1. A jig for machining a bearing seat, comprising a housing (3) and a threaded sleeve (7), characterized in that: Both sides of the housing (3) are movably mounted with lead screws (6). A fixing block (5) is installed inside the housing (3) at one end of the two lead screws (6). Two threaded sleeves (7) are meshed with the two lead screws (6). A one-way gear (18) is installed on the lead screw (6) on the left side of the housing (3). A fixing rod (22) is movably mounted on the side of the housing (3) in front of the one-way gear (18). A gear plate (19) is installed at one end of the fixing rod (22). A pump body (14) is installed on the front side of the housing (3). A drive shaft (10) is movably mounted on the pump body (14). An air intake pipe (20) is installed at the bottom of the pump body (14).

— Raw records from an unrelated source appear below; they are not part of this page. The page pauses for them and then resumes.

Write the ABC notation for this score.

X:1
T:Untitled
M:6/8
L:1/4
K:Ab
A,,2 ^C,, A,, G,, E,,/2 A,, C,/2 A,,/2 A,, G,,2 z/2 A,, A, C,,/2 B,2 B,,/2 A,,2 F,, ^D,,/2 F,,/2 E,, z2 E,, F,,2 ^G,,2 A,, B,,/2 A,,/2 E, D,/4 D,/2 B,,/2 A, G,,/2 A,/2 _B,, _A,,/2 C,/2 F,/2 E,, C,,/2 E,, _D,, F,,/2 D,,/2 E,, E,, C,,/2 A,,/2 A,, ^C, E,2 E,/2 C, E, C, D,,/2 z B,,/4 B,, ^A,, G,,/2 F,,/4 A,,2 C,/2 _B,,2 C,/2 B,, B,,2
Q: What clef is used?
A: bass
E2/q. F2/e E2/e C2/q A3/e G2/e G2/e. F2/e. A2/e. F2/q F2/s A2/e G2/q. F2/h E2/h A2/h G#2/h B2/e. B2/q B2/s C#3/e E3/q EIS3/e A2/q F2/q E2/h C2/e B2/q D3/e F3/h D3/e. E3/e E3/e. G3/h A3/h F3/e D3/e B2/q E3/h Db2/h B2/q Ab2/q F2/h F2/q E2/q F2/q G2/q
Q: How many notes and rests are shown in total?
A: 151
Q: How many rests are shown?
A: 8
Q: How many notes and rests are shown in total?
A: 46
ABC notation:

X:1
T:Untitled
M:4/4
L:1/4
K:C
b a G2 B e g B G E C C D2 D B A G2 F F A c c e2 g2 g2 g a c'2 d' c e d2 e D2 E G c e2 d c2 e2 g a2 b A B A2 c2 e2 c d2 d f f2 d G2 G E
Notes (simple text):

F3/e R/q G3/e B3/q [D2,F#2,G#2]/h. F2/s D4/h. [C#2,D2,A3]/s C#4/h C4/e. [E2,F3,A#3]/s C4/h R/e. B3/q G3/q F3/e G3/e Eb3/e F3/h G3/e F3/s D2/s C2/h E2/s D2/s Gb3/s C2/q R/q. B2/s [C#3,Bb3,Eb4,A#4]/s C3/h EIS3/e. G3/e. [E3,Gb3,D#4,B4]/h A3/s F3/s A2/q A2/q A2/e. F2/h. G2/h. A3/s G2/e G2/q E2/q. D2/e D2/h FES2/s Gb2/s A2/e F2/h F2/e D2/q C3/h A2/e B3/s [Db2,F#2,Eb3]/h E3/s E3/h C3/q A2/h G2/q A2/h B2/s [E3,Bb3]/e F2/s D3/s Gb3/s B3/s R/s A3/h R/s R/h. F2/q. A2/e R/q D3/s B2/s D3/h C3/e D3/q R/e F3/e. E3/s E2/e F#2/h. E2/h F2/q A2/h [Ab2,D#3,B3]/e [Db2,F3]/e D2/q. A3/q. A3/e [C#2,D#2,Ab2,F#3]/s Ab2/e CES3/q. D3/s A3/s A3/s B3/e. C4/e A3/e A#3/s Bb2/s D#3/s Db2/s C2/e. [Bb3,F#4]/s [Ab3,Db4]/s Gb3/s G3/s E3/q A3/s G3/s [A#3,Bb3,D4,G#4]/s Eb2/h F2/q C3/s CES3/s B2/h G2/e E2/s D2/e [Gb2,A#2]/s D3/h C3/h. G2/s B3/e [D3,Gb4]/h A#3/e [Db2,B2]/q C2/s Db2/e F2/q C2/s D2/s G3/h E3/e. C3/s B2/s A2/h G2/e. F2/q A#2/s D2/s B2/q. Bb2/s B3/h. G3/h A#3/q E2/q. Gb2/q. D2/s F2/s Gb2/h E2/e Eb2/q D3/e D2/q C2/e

An air outlet pipe (13) is installed at the top of the pump body (14). A universal tube (12) is installed at the top of the air outlet pipe (13). An air jet plate (11) is installed at the end of the universal tube (12) away from the pump body (14).

2. The jig for machining a bearing seat according to claim 1, characterized in that: A servo motor (17) is installed on the right side of the housing (3). The transmission structure of the servo motor (17) is fixedly connected to the lead screw (6) on one side of the housing (3). The opposite ends of the two lead screws (6) are movably connected to the fixed block (5), and the opposite ends of the two lead screws (6) are fixedly connected.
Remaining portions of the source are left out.